**Supplied material:**
== Segment start ==

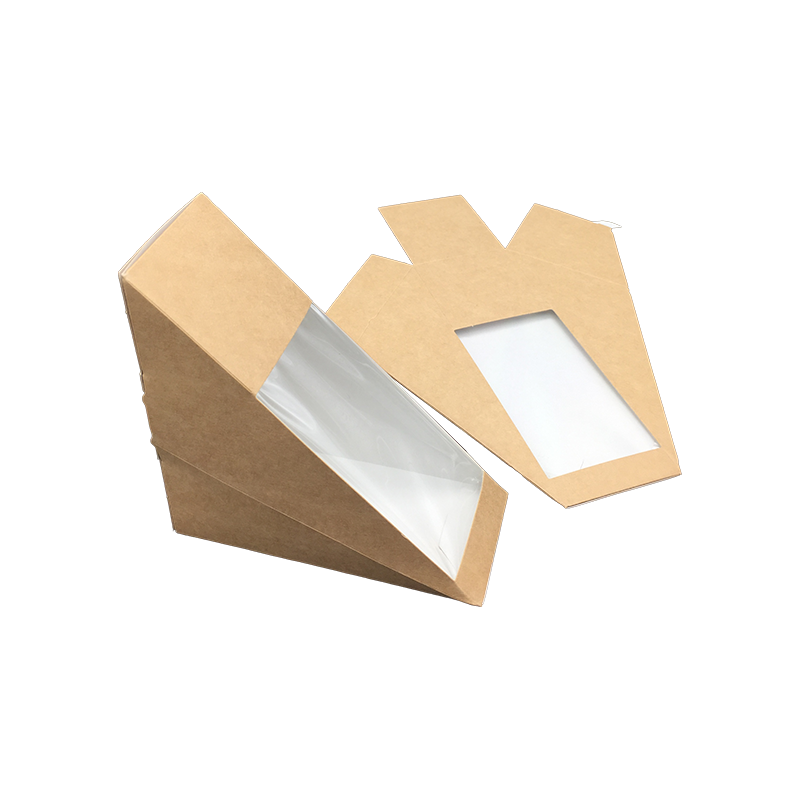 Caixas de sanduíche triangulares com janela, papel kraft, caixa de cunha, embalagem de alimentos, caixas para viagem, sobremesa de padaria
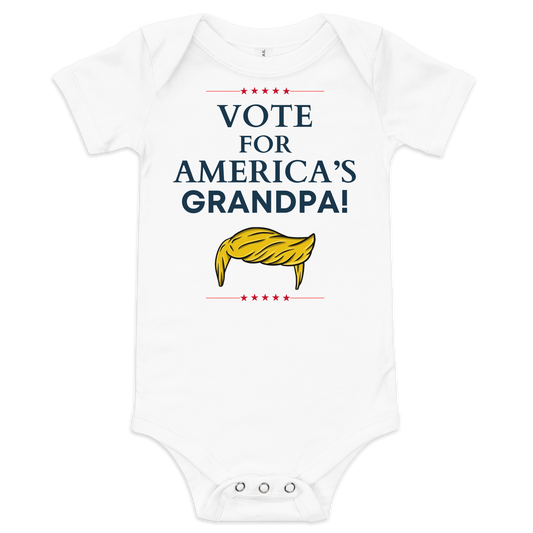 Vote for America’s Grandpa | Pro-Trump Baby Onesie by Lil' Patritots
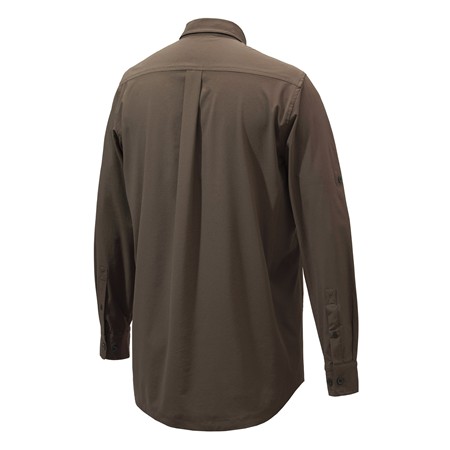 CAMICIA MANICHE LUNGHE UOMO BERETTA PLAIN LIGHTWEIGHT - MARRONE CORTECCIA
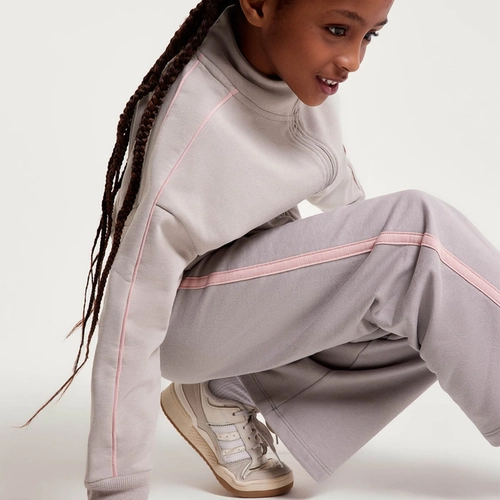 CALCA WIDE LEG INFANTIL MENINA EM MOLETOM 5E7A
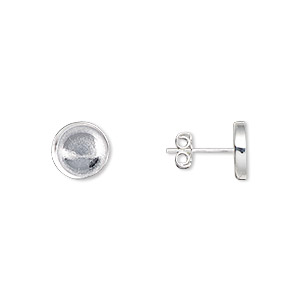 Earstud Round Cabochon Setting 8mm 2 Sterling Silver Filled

== Segment end ==
== Segment start ==

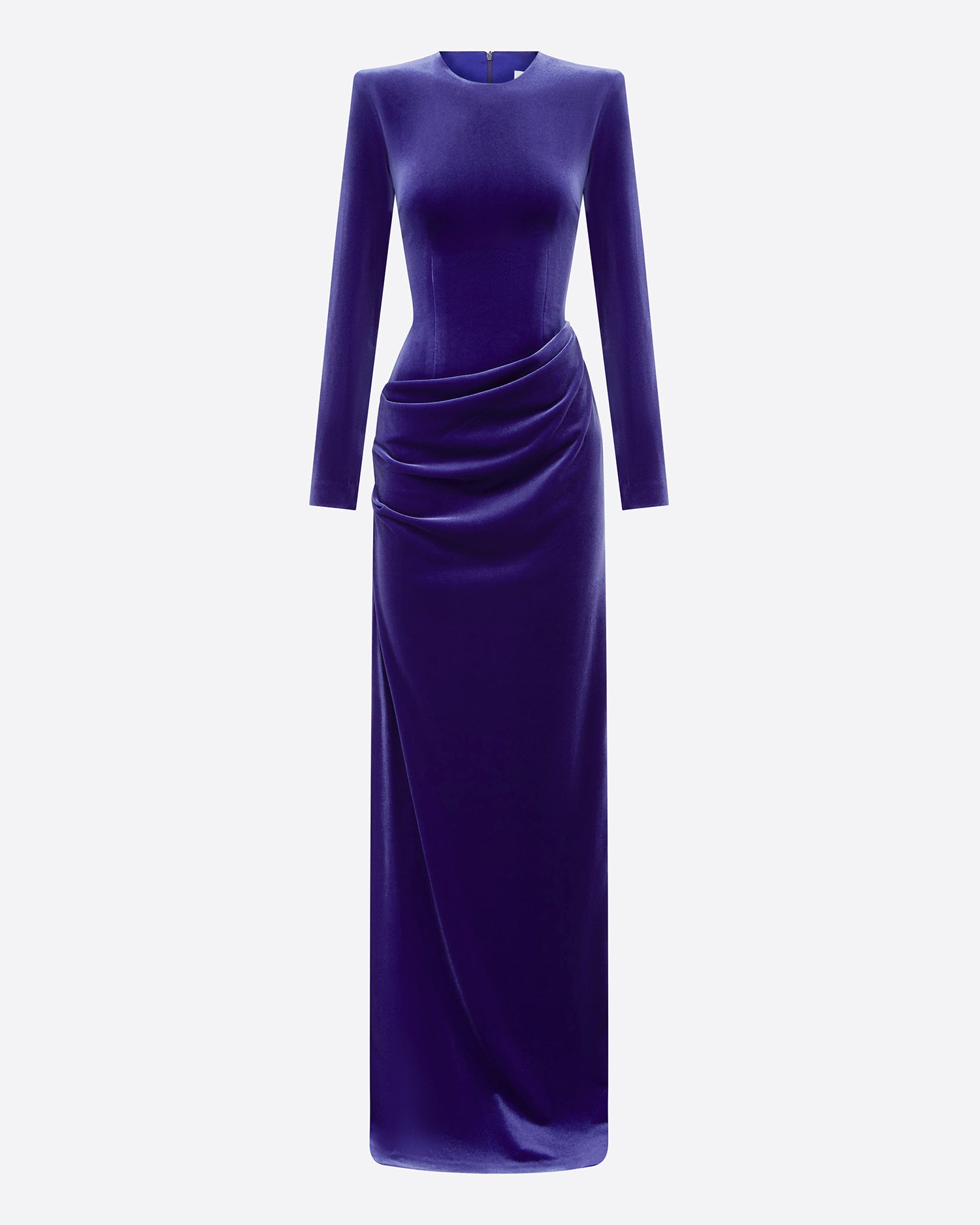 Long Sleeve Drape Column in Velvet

== Segment end ==

**Exercise directions:** Because only one stretch of the records is wanted, please output the lines from the one holding "CALCA WIDE LEG" through the one holding "Earstud Round Cabochon" exactly, both included, and leave every picture out.

**Output for this task:**
 CALCA WIDE LEG INFANTIL MENINA EM MOLETOM 5E7A
 Earstud Round Cabochon Setting 8mm 2 Sterling Silver Filled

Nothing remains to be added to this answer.